## Try it
Task for the records below: repeat the line containing "Character legends-spider-man MAGA6655E270/A6658" and every line after it, exactly and with nothing else, but leave out the pictures.

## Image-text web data
◆ ◆ ◆ ◆ ◆

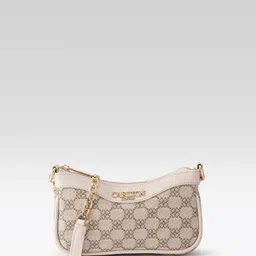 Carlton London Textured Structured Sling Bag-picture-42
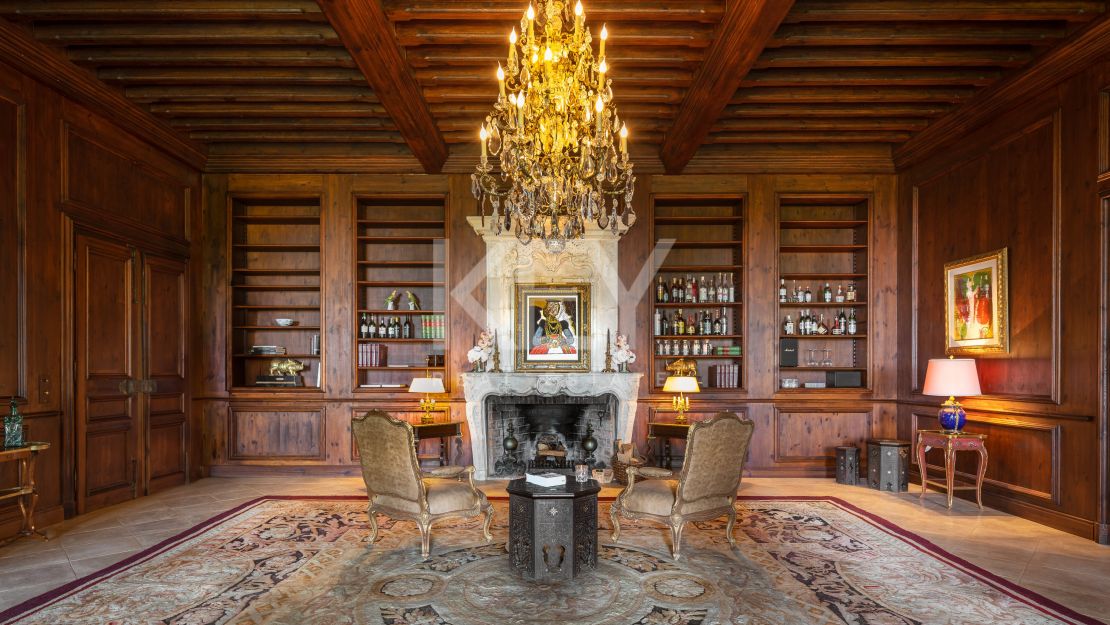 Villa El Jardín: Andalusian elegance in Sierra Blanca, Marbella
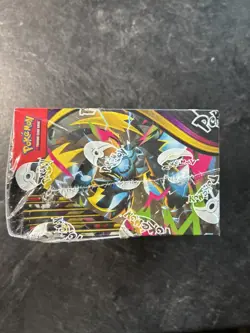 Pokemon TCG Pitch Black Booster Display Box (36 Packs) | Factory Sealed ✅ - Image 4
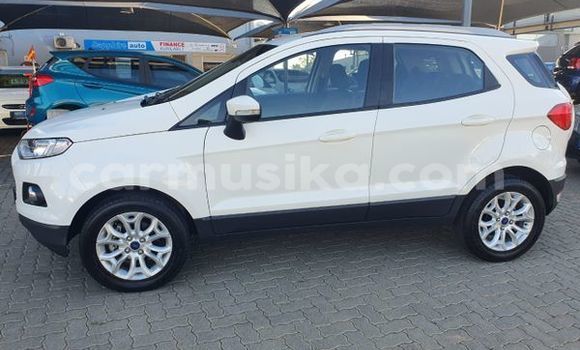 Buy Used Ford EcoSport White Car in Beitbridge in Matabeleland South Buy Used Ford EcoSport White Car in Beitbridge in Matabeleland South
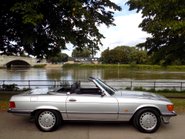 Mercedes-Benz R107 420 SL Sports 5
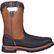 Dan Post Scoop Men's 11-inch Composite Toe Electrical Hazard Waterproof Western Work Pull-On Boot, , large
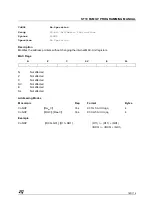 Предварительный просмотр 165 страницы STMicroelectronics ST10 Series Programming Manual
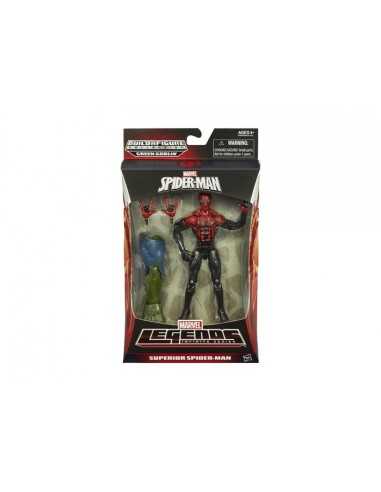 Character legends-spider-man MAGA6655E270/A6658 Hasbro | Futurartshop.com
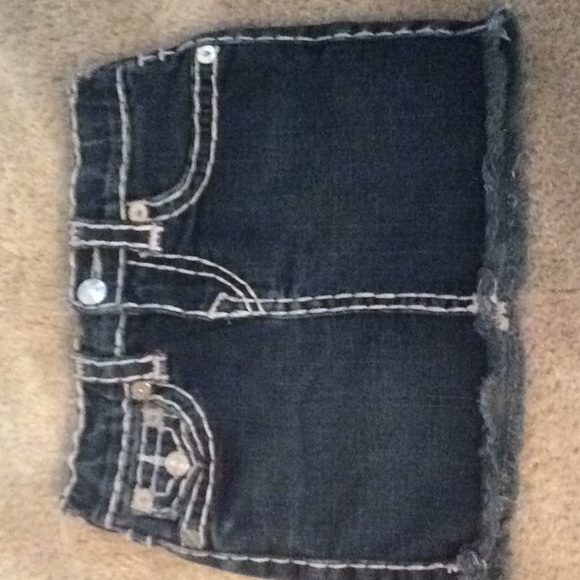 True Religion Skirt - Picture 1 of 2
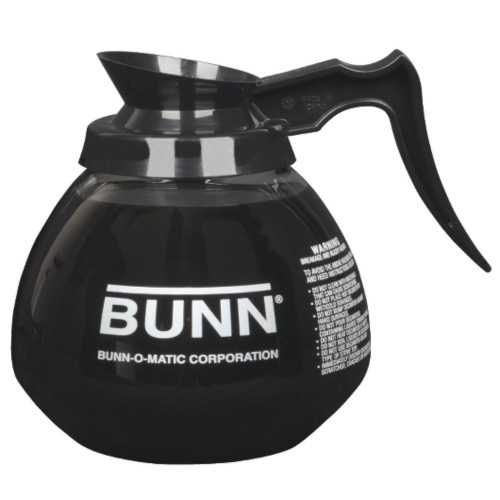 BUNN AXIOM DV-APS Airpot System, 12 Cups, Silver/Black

◆ ◆ ◆ ◆ ◆

## Solved exercise
 Character legends-spider-man MAGA6655E270/A6658 Hasbro | Futurartshop.com
 True Religion Skirt - Picture 1 of 2
 BUNN AXIOM DV-APS Airpot System, 12 Cups, Silver/Black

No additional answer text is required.